What this task involves
Print exactly the lines below between the line containing "ボリュームカーブシルエットワイドデニムパンツ" and the line containing "305 Sugarwood Drive Knoxville TN 37934", counting both of those lines. Leave pictures out.

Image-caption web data
"""

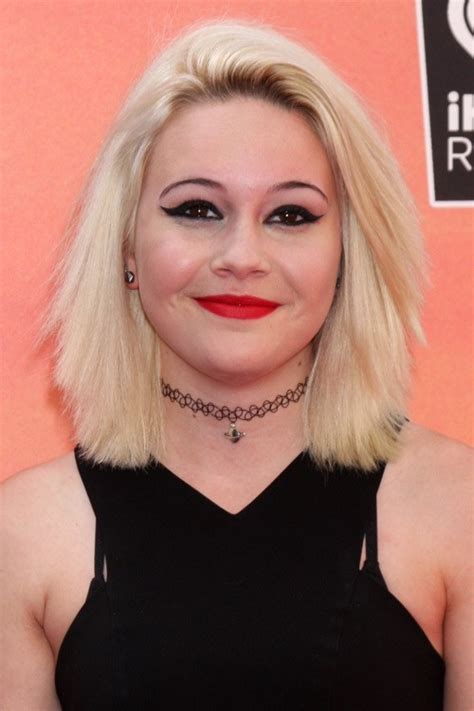 Bea Miller Straight Platinum Blonde Bob Choppy Layers Flat Ironed Hairstyle Steal Her Style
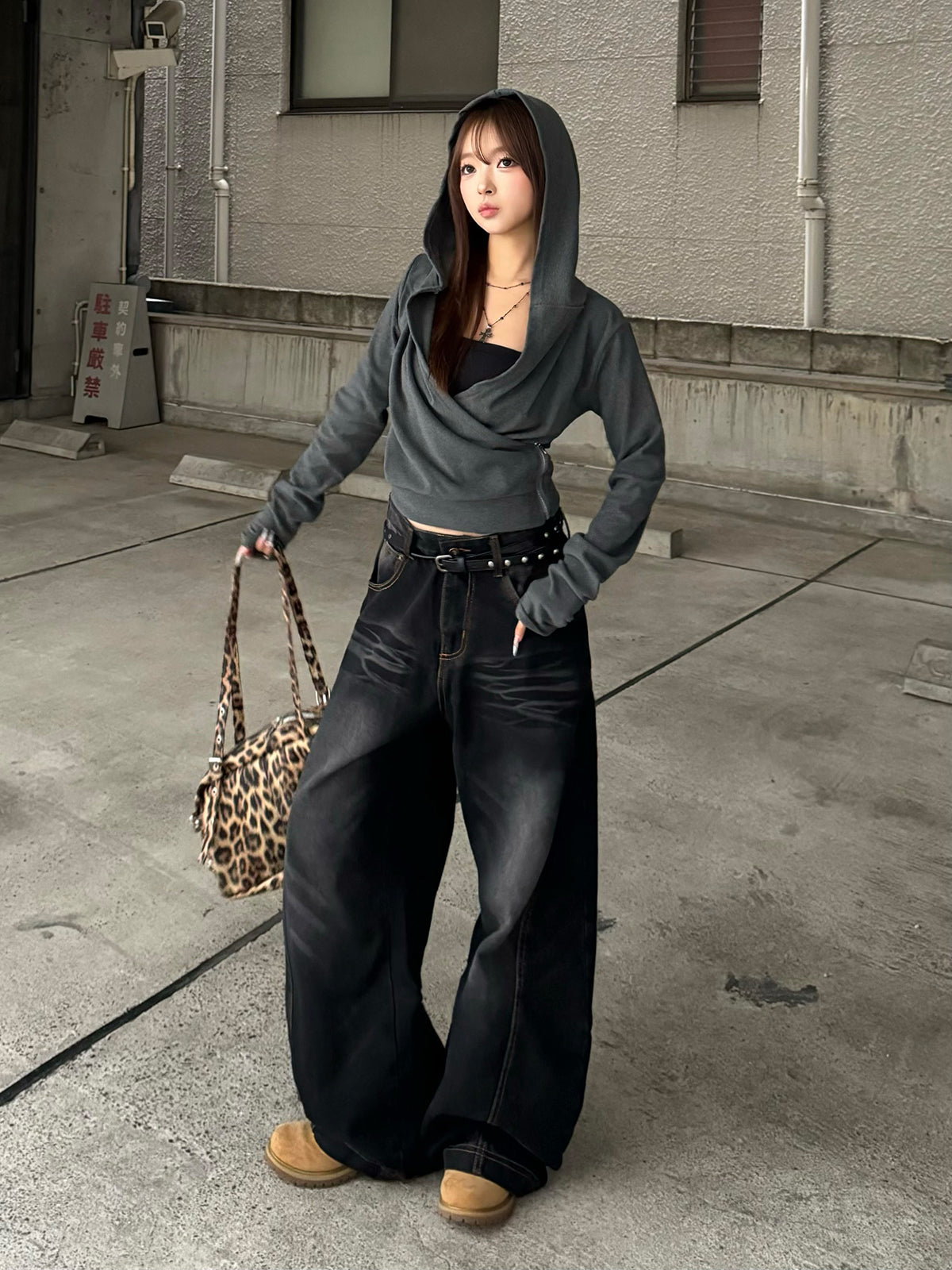 ボリュームカーブシルエットワイドデニムパンツ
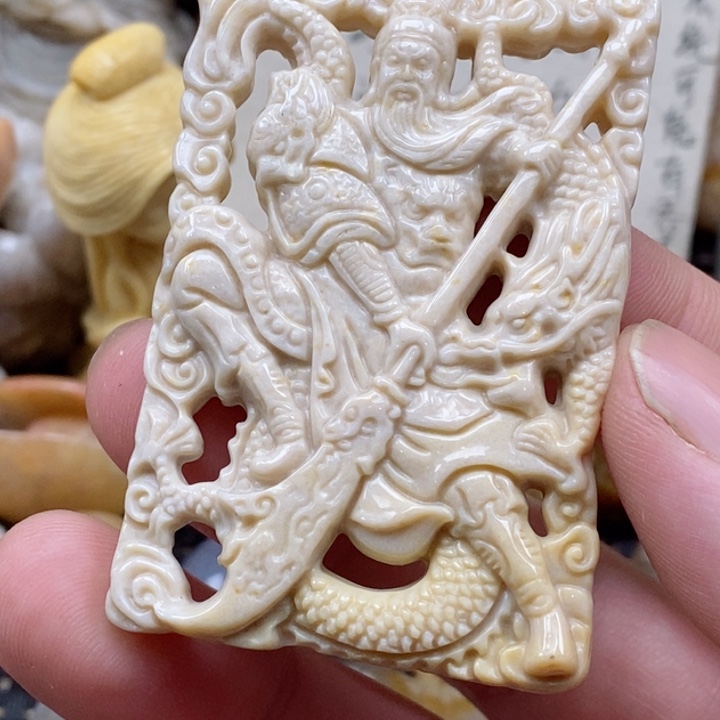 颈饰未镶嵌硅化珊瑚（珊瑚玉）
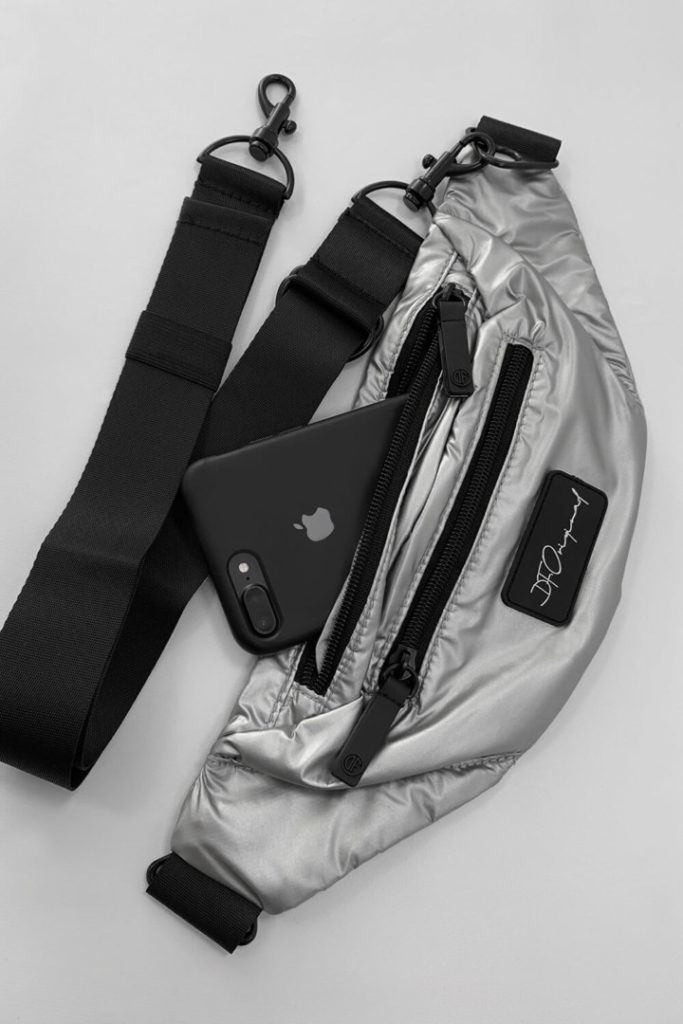 Поясна сумка Glossy Silver, сіра / Designed for Fitness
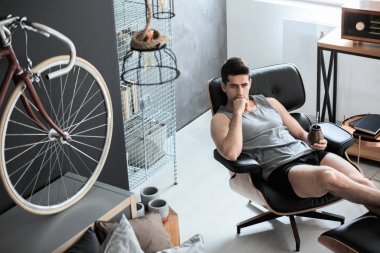 Adam içki yerba dostum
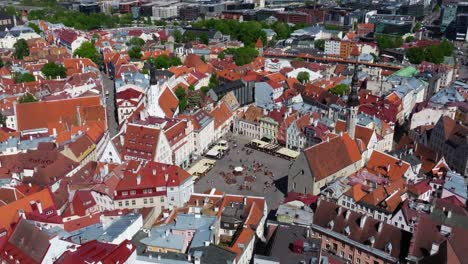 Drone-En-órbita-Disparado-Sobre-La-Plaza-Del-Ayuntamiento---Tallin,-Estonia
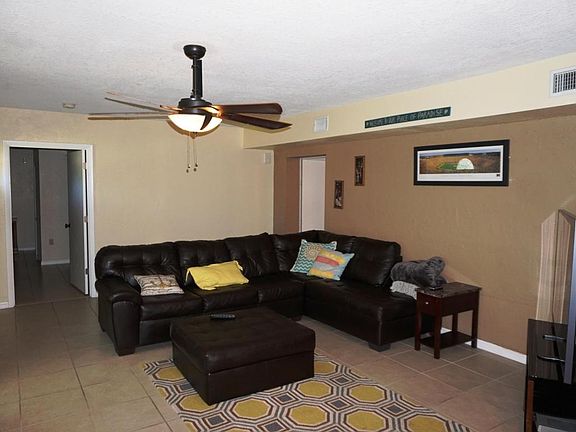 5th image of 2315 N Oleander Ave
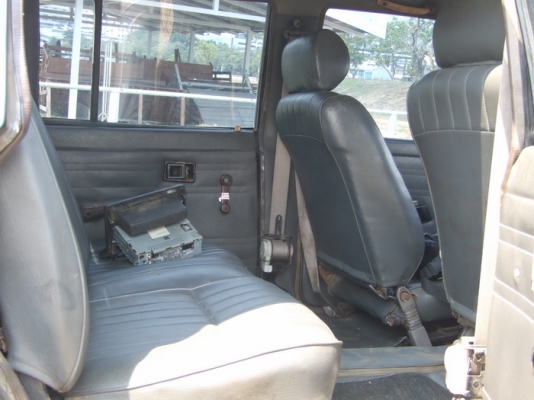 ขาย4ประตูวางคานถูกๆ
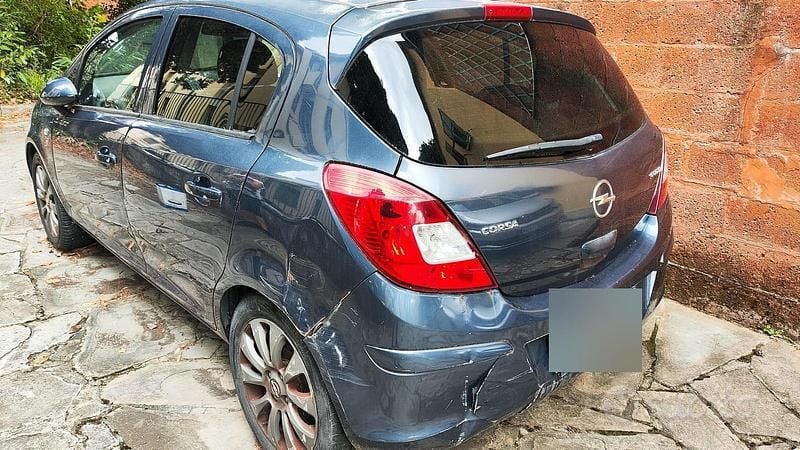 Begagnad Opel Corsa 75 HK (55 kW) 2010 Grå Halvkombi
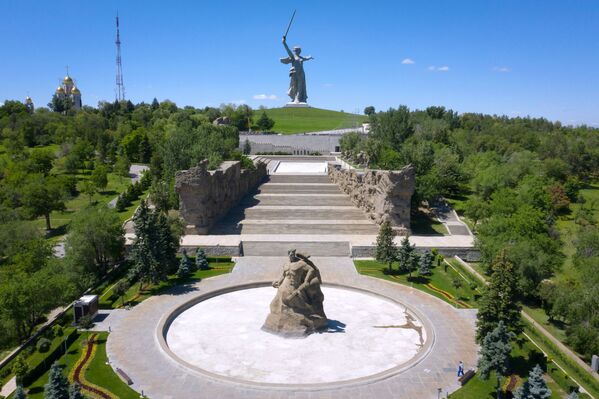 Монумент Родина-мать зовет! на Мамаевом кургане в Волгограде после реставрации - Sputnik Узбекистан
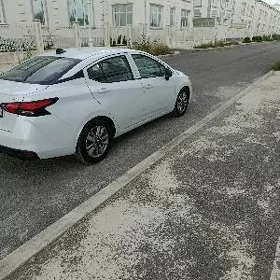 Nissan Versa 2020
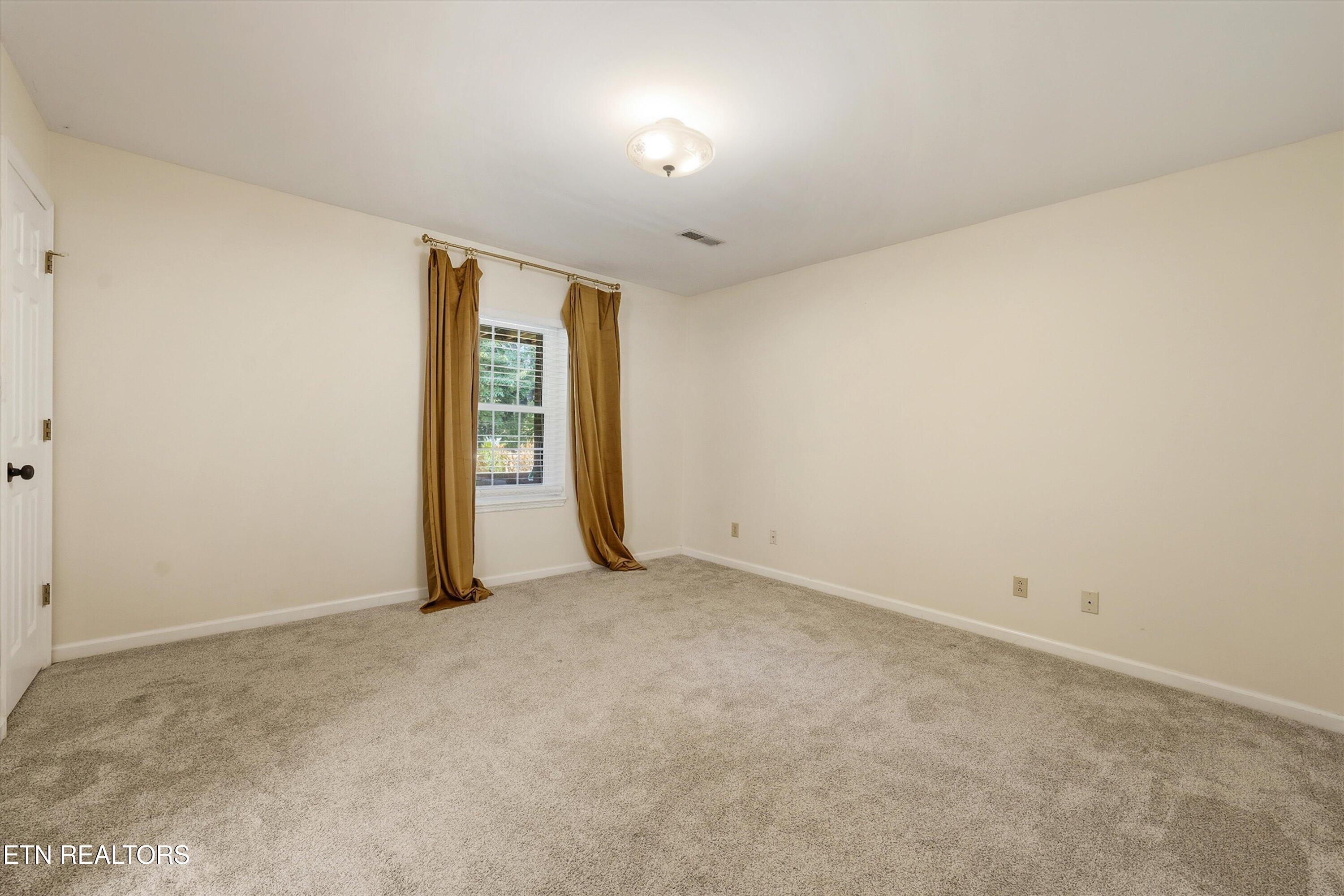 305 Sugarwood Drive Knoxville TN 37934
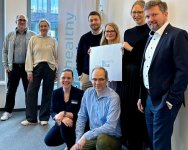 Die Jury, die die Gewinnerinnen und Gewinner des Healthy-Hub-Wettbewerbs auswählte (von links): Nicolai Mensch (IKK Südwest), Christiane Heidrich (BIG direkt gesund), Christina Bernards (SBK Siemens Betriebskrankenkasse), Dr. Florian Brandt (IKK Südwest),  Dr. Elmar Waldschmitt (BIG direkt gesund), Fabienne Knaub (mhplus Krankenkasse), Sarah Hölscher (BIG direkt gesund) und Peter Kaetsch (Vorstandsvorsitzender BIG direkt gesund).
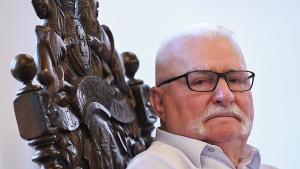 Лех Валенса 80 годишният бивш президент на Полша и Нобелов лауреат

"""

Answer section
 ボリュームカーブシルエットワイドデニムパンツ
 颈饰未镶嵌硅化珊瑚（珊瑚玉）
 Поясна сумка Glossy Silver, сіра / Designed for Fitness
 Adam içki yerba dostum
 Drone-En-órbita-Disparado-Sobre-La-Plaza-Del-Ayuntamiento---Tallin,-Estonia
 5th image of 2315 N Oleander Ave
 ขาย4ประตูวางคานถูกๆ
 Begagnad Opel Corsa 75 HK (55 kW) 2010 Grå Halvkombi
 Монумент Родина-мать зовет! на Мамаевом кургане в Волгограде после реставрации - Sputnik Узбекистан
 Nissan Versa 2020
 305 Sugarwood Drive Knoxville TN 37934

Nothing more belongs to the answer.